El 20 de julio el presidente de la República, Juan Manuel Santos, pronunció un largo discurso en el que hacía un balance de su gobierno.
Con el comienzo de la nueva legislatura, una de relaciones minadas entre Ejecutivo y Legislativo, el presidente quiso hacer énfasis en un punto que es sin duda muy importante: la negativa de su parte a convocar a una asamblea nacional constituyente. Le parece peligroso y razón no le falta.
Algunos congresistas han decidido lo contrario, pese a su sugerencia. Claro, con todo el derecho a disentir. Y, para que sea más diciente el gesto, a falta de uno serán radicados dos proyectos. Por un lado está el del senador Juan Carlos Vélez, del Partido de la U —un alfil reconocido del uribismo—, que pretende llamar a una asamblea nacional constituyente para reformar exclusivamente la Rama Judicial; algo así como un segundo intento tras el fracaso rotundo que fue la reforma a la justicia. Por el otro está el representante Miguel Gómez, del mismo partido, que quiere convocarla para reformar más temas: régimen territorial, justicia, reelección, entre otros.

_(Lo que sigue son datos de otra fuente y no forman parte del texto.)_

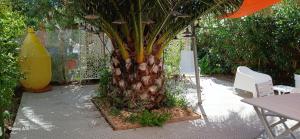 a palm tree sitting next to a table and chairs at Le chat bleu in Beauvoir-sur-Mer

Todo llega en el momento político justo, qué casualidad. Cae como anillo al dedo la conformación del mal llamado Puro Centro Democrático y su intención de entrarle de frente a la Constitución para reformarla. Las estrellas se han juntado, pero esta vez en contra de Santos. Es posible que el presidente no quiera una asamblea constituyente porque podría interferir de manera determinante en los planes para el desarrollo de su gobierno (y del próximo, quién sabe).
Pero más allá de la coyuntura política y del derecho que a cada quien asiste de luchar por sus intereses, lo cierto es que pensar en una asamblea constituyente, a tan sólo 20 años de haberse promulgado la Constitución, es casi un exabrupto. La pregunta real aquí no es si se necesita o no reformar la justicia (que sí) o si la Constitución contiene aspectos normativos que, modificándose, puedan redundar en un mejor funcionamiento de la rama (que también). El cuestionamiento verdadero, que los oportunistas parecen no hacerse nunca, es el siguiente: ¿le conviene al país, en este momento político tan tenso, convocar a una asamblea nacional constituyente?
Porque por el boquete de la reforma a la justicia (o a la reelección o al régimen territorial) se pueden filtrar otros mil temas, perjudiciales o no, que los representantes en esa asamblea querrían tratar. Cosas nuevas, que luzcan convenientes en este momento. “Ya estando ahí…”, reza el dicho popular. Y en momentos como éste, cuando los ánimos están tan caldeados, se hace innecesario quemar tan rápido los fusibles ideológicos que guían el derecho en Colombia. La Constitución ha ayudado a promover el Estado social de derecho y la defensa de los derechos fundamentales. Los proponentes de la convocatoria dirán que esto no va a cambiar de la noche a la mañana con la reforma, pero eso no lo sabemos con certeza y menos con los constantes embates de los últimos años contra la carta política.
Antes de ser tan impulsivos y presentar proyecto tras proyecto, los congresistas deberían hacerse primero unas preguntas que les bajen la fiebre reformatoria. Lo hemos dicho: una reforma es necesaria, pero las leyes que están operando, es decir, los nuevos códigos, podrían contribuir en gran medida a que el acceso y la celeridad de los procesos judiciales se agilicen. Esto mientras encontramos otras formas de reglamentar o interpretar la Constitución. ¿Pero cambiarla y —con más preocupación— en una asamblea constituyente? No suena muy razonable. Menos mal, y que no lo olvide nadie, antes de salir al voto popular, la Corte Constitucional deberá decidir sobre la constitucionalidad de la misma.